Thank you for sharing the gorgeous flowers. I have never seen anything quite like this. They are just exquisite. How odd that they start out white petaled and end up pink petaled with age. I wonder how old the plant has to be to produce this color?

Thank you taking me along on this nature hike. I so enjoyed myself sweet one. Many hugs to you and prayers for the son. Love, Sherry

paula, the quilter said...

Lovely flower. I've never seen one outside of a photo.

(Queenmothermamaw) Peggy said...

Seeing those along the highway would, indeed make for a nice trip. You did a great job photographing and describing them. Very pleasing to the eyes and the soul. Blessings
QMM

julieQ said...

What amazingly lovely flowers! Quite a life cycle too...a long time be fore the seed from one plant can make another! Hope your adventures in baby-sitting was fun.

Alison said...

You got some wonderful photos of Trilliums, one of my favorite native wildflowers. Hope everything worked out ok for your son.

Ruth's Photo Blog said...

Gorgeous pictures.I fail to see why people feel the need to pick wild flowers and so destroy them.

Sheila said...

Trilliums were found in the forests on Vancouver Island as well - your photos are gorgeous!

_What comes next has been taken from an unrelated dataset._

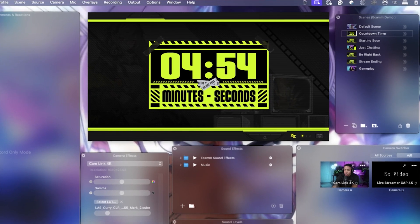In this video, I'm going to walk you step-by-step on how to set up a countdown timer overlay inside of Ecamm. So the first thing we're going to do is inside of Ecamm, we're going to go ahead and create a scene.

Laura~DancesWithTeddyBears said...

You captured the trillium beautifully, Jen. I love those wildflowers. Our forests are dotted with them as well.

Betty Jo said...

I'll be moving to NC and trillium is prolific in that state. I adore them, especially the white ones, and your photos are awesome. Hope to be back blogging on a regular basis once I'm settled again.

Pondside said...

We have two trilliums in our NW garden. I don't know how they got here, and they are hidden under some ferns, but I look for them every year and am always relieved to see that they have come back.

Lona said...

Hi Jen. I love seeing their white blooms in the woods each spring.They are just so lovely brightening up a shady woodland floor.

Mary said...

Oh, they are gorgeous! I do see a few around here, along with mayapples and jacks-in-the-pulpit... :)

Georgianna said...

Hi Jen, Thank you for lying on the ground to get these wonderful photos! I didn't realize that Trillium were Ontario's floral emblem. I've come to appreciate them more and more for their beauty and long lasting blooms. I'm inspired to plant more in the woodland garden. :) – g

Kate/High Altitude Gardening said...

Hi, Jen;
What a lovely wildflower. And, your pics are wonderful, as always. I hope all is well with the family and I'm proud of you for taking time to snap the wildflowers en route. (I'm forver asking drivers to stop the car, on road trips, for the same reason and quite often they just roll their eyes and keep going. :-)

. . . Lisa and Robb . . . said...

I adore trillium, and your photos are really lovely. Thanks for sharing them!